Erwachet!: Ab in den Bunker!

Nr. 2 –

Michelle Steinbeck lernt, dass individuelles «weniger» nicht mehr ist

Das Jahr vor dem Fenster liegt noch im Böllernebel, aber die Katastrophenfotos auf den Bildschirmen sind retinascharf: Das Affenhaus brennt. Die Erde trinkt noch den schalen Schampusrest aus, bevor sie den längst überfälligen Menschendetox in Angriff nimmt.

Ob wir in die Schweiz zurückzögen, weil dort jedes Haus seinen eigenen Bunker habe, fragt der Hamburger Verwalter. Ein sanguinischer Schrank von einem Mann, der sich die Kappe vom Kopf reisst und dröhnt: «Ich hab sie verkehrt herum an, hoffentlich hab ich meine Unterhose wenigstens richtig!» Er macht das Diktiergerät aus und sagt: «Scherz. Hört mal, meine Frau hat mich gestern gefragt, ob wir nun anfangen, Vorräte zu lagern. Irgendwie hat sie sich das jetzt in den Kopf gesetzt. ‹Was wollen wir mit den ganzen Dosen ohne Kocher?›, sagt sie. ‹Als Erstes brauchen wir einen Gaskocher.› – ‹Aber wo willst du hin damit?›, frage ich. ‹Wir haben ja keinen Bunker.› – ‹Stimmt›, sagt sie, ‹es bringt ja alles nichts, aber trotzdem.›»

Während die einen langsam in Panik geraten, schreiben die Hoffnungsvolleren gute Vorsätze auf Neujahrszettelchen und vergraben sie hinter dem Haus. «Netter sein zu Mutter, weniger Fleisch, mehr bio & fair.» Die ganz Optimistischen halten es hingegen wie der Reiseanbieter, der zurzeit stolz seine unschlagbar grüne Lösung präsentiert: «Winter-Vorsatz: Weniger weit fliegen!» Genial. Der Markt regelt es eben doch, und für den ist alles Sache der Kalkulation: Wie viel CO2 sparst du, wenn du weniger – weit – fliegst? Viel mehr!
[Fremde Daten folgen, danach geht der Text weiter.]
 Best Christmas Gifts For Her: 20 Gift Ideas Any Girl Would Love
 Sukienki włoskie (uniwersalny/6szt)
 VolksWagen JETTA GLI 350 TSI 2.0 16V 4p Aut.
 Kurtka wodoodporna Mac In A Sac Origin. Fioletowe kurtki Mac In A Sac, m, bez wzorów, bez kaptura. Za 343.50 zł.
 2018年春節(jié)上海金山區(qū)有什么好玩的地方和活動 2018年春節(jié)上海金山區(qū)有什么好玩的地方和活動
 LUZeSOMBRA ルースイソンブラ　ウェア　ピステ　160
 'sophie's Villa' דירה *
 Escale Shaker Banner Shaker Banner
Im wöchentlichen Nachhaltigkeitsseminar sind sich jedoch alle einig, dass individuelles «weniger» nicht mehr ist: «Wie soll denn das gehen?» Postwachstumsgesellschaft? Unvorstellbar. Ein Hirngespinst, so undemokratisch wie wirtschafts- und fortschrittsfeindlich – «Ich will nicht zurück ins Mittelalter, ich will sehen, was Silicon Valley in den nächsten hundert Jahren so rausbringt!» Offenbar ist es einfacher geworden, an eine Zukunft unsterblicher Cyborgs zu glauben, statt zu hinterfragen, inwiefern unser Lebensstil heute ungerecht und zerstörerisch ist.
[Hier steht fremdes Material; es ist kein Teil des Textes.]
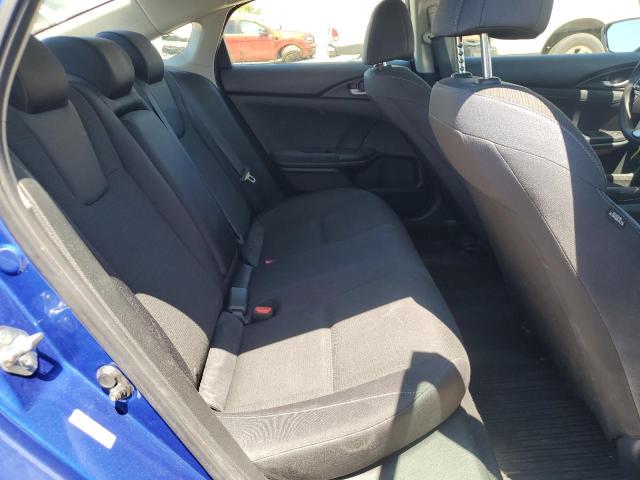 2019 HONDA INSIGHT EX 19XZE4F51KE033537
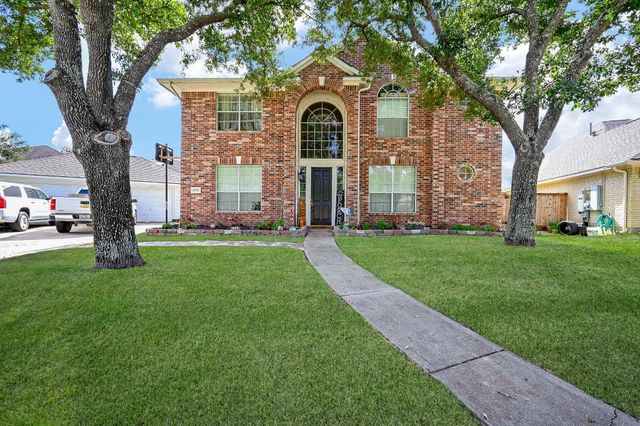11723 Canyon Breeze Drive, Tomball, TX 77377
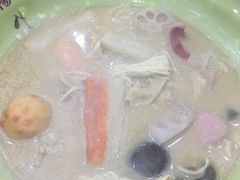 -杨国福麻辣烫(龙阳广场店)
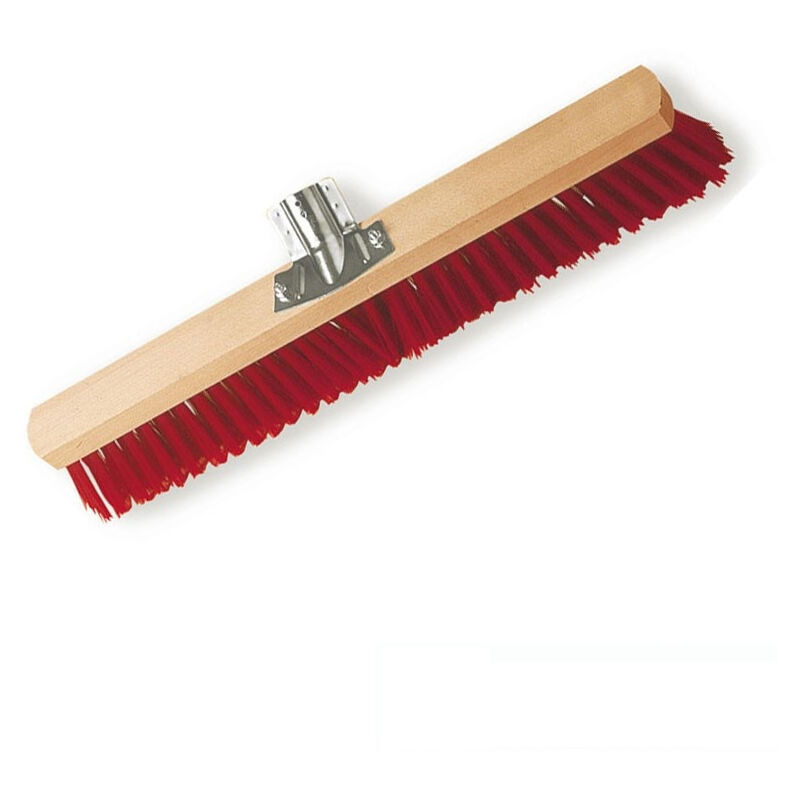 Balai de piste Crynovil Mondelin rouge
Angehende SoziologInnen lernen, dass wir im Neoliberalismus leben, in dem Bürgerinnenrechte quasi zu Kundenrechten degradiert worden sind. Als Bonus scheint es nun gratis zum Bachelor ein Argumentationsset zu geben, weshalb wir das noch verteidigen müssen: «Wie können wir freie Individuen sein, wenn wir nicht mehr frei konsumieren dürfen?» Getreu der Reisebürologik beschneiden wir uns ja selbst, würden wir uns im Supersale anfangen zu fragen: Brauche ich das wirklich?
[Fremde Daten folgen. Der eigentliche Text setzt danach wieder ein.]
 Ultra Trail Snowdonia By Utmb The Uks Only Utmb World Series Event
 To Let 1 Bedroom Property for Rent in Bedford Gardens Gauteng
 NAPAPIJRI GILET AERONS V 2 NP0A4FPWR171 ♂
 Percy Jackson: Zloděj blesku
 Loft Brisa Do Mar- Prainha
Klar, dem verbrannten Känguru ist es gleich, ob ich Bepanthen auf mein wundes Gewissen schmiere, indem ich mir vornehme, 2020 keine neuen Kleider zu kaufen. Und ja, der Grossteil der Emissionen wird von ein paar Unternehmen ausgestossen; ja, die Politik muss mehr erreichen; ja, wir brauchen Umverteilung, progressive und nicht regressive Steuern; und ja, natürlich haben wir als einzelne Konsumierende nicht die absolute Macht. Aber wir müssen aufhören, uns nur als solche zu sehen. Denn um die Erde zu überzeugen, dass wir nicht die blutsaugenden Läuse sind, als die wir uns derzeit geben, brauchen wir dringend andere Skills als Twinten. Und doch sollten wir die vergrabenen Zettel nicht unterschätzen. Denn vielleicht sitzt du bald mit deinem Mami im Bunker.

Michelle Steinbeck beendet bald ihr Austauschsemester an der Exzellenzuniversität Hamburg und zügelt pünktlich zur Katastrophe zurück in den Bunker.